このような幼少時の経験から、成人したラースロー4世は王権強化を目指して軍備増強を目指した。そのためにドイツ王ルドルフ1世と協力してボヘミア王オタカル2世(ヘンリクを庇護していた)をマルヒフェルトの戦いで討ち取り、母の出身であるクマン族と手を結んだが、王権強化を嫌う大貴族はかえって団結し、ローマ教皇の干渉まで招くこととなった。そしてラースロー4世はローマ教皇と対立した結果、教皇から破門された。
しかしラースロー4世はなおも王権強化に執念を燃やし、クマン人の女性を王妃として迎え、クマン族との関係を深めた。そして、さらなる軍備増強のために異教徒であるイスラム教徒や祖父ベーラ4世の時代にハンガリーを荒らしたモンゴル人を招いたため、大貴族層はもちろんのこと、中小領主からも国民からもラースロー4世は見捨てられてしまう結果となる。

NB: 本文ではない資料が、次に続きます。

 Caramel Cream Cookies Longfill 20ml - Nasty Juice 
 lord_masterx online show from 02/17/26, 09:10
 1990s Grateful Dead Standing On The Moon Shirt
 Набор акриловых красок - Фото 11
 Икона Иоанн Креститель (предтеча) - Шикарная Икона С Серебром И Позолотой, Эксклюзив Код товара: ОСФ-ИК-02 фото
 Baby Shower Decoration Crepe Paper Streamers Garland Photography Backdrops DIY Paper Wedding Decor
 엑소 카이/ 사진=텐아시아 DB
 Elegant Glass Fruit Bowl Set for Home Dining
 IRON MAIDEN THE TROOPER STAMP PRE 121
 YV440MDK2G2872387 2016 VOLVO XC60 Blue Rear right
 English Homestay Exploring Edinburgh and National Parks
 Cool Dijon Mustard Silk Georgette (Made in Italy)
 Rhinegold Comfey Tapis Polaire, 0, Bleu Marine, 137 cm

そして1290年、大貴族層の放った刺客によって暗殺された。
ラースロー4世はクマン族との結びつきが強かったことから「クン・ラースロー」(クマン族のラースロー)とも呼ばれている。
1269年にシチリア王カルロ1世の娘イザベッラ(エルジェーベト)と結婚したが、1286年に離婚、修道院へ押し込めた。その後クマン族から王妃を迎えたが、どちらの結婚でも子は授からず、死後は従叔父のアンドラーシュ3世が王位に就いた。しかし、甥のカルロ・マルテッロ(姉マリーアとイザベッラの兄ナポリ王カルロ2世の長男)はアンドラーシュの即位を認めず、ハンガリー王位を請求した。